Under current law, inequitable conduct charges can be based on information completely immaterial to patentability. For example, in Ulead Sys., Inc. v. Lex Computer & Mgmt. Corp., a split panel of the Federal Circuit held that an unjustifiable claim of entitlement to small entity status and accompanying payment of insufficient maintenance fees was material as a matter of law. And in Gen. Electro Music Corp. v. Samick Music Corp., the Federal Circuit upheld a jury finding of materiality based on a statement - found false - that a "search" had been made in a petition to make special.

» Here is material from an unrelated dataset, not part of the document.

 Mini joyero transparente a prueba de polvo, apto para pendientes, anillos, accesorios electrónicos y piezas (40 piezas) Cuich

Thus, Ulead and Gen. Electro support the general proposition that inequitable conduct can be based on gaining an advantage before the PTO if the gain is based on a deceitful misrepresentation. Instead, the qualifying conduct should be limited to acts which undermine the substantive examination function of the USPTO - conduct which, objectively viewed - could reasonably have induced the USPTO to err in the application of a substantive patentability requirement, i.e., novelty, nonobviousness, utility, statutory subject matter, or compliance with the disclosure or definiteness requirements of Section 112.
3. The evidentiary standards governing intent findings should be revised.

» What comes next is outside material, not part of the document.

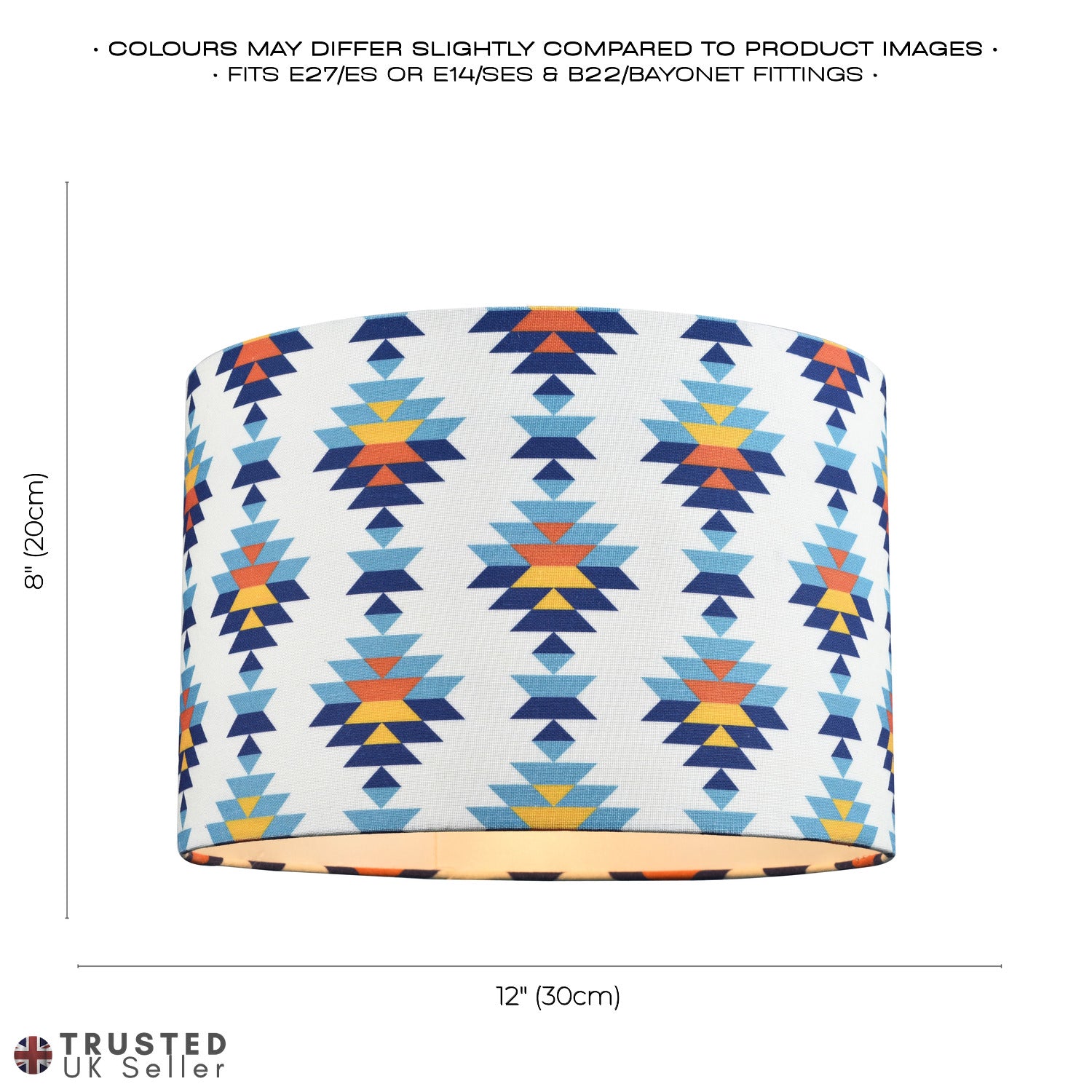 Colourful Boho Geometric 12 Inch Drum Lamp Shade in White with Blues and Oranges Image 7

[T]he most important directive in Star Scientific is this:
[I]nferences drawn from [less-than-clear-and-convincing evidence] cannot satisfy the deceptive intent requirement. Further, the inference must not only be based on sufficient evidence and be reasonable in light of that evidence, but it must also be the single most reasonable inference able to be drawn from the evidence to meet the clear and convincing standard.
A firm resolve on the part of the courts to carefully observe this dictate should go a long way toward limiting erroneous deceptive intent findings and affirmances... Panels must strictly observe the "Rule of Newell"45 and resist the temptation to articulate new and different formulations of the governing standards. Non-panel members must aid their colleagues by carefully scrutinizing precedential opinions before they issue, and take steps to prevent the issuance of opinions which relax or undermine what should be a very exacting standard.
45 Newell Cos. v. Kenney Mfg. Co., 864 F.2d 757, 765 (1988) ("This court has adopted the rule that prior decisions of a panel of the court are binding precedent on subsequent panels unless and until overturned in banc.").
4. Courts should abandon the materiality-intent balancing inquiry.
It is black-letter law, recently reinvigorated by the Federal Circuit, that district courts must undertake an equitable balancing of the evidence of materiality and intent in a given case "to determine whether a finding that inequitable conduct occurred is warranted."
As a practical matter,... because varying degrees of materiality can often be discerned, but direct evidence of deceptive intent is rarely available, this "balancing" inquiry almost exclusively serves to bolster intent findings and affirmances in certain cases. Thus, it exacerbates the problem of lax application of the intent standard.
Materiality and intent should be entirely separate threshold inquiries, and remain independent of one another throughout the analysis.
5. Trial judges should be permitted to tailor the remedy to the circumstances.
6. Patentees who prevail on the issue of inequitable conduct could be awarded attorney fees.
Finally, as a further deterrent to frivolous or nuisance prosecution misconduct allegations, it may make sense to implement a fee-shifting provision in favor of patentees who prevail on the issue, for example, an automatic award of inequitable conduct-related attorney fees to a plaintiff who prevails on inequitable conduct, regardless of whether the patentee wins on infringement and validity.
For those interested in this topic, the entire paper is highly recommended reading.
Thanks to Hal Wegner for circulating the paper.
Posted by Patent Hawk at October 4, 2008 7:49 PM | Inequitable Conduct
Prof. Dolak's conclusion that having the PTO decide if inequitable conduct was committed is correct. I have seen one proposal for this ridiculous possibility, but hopefully it won't get any traction.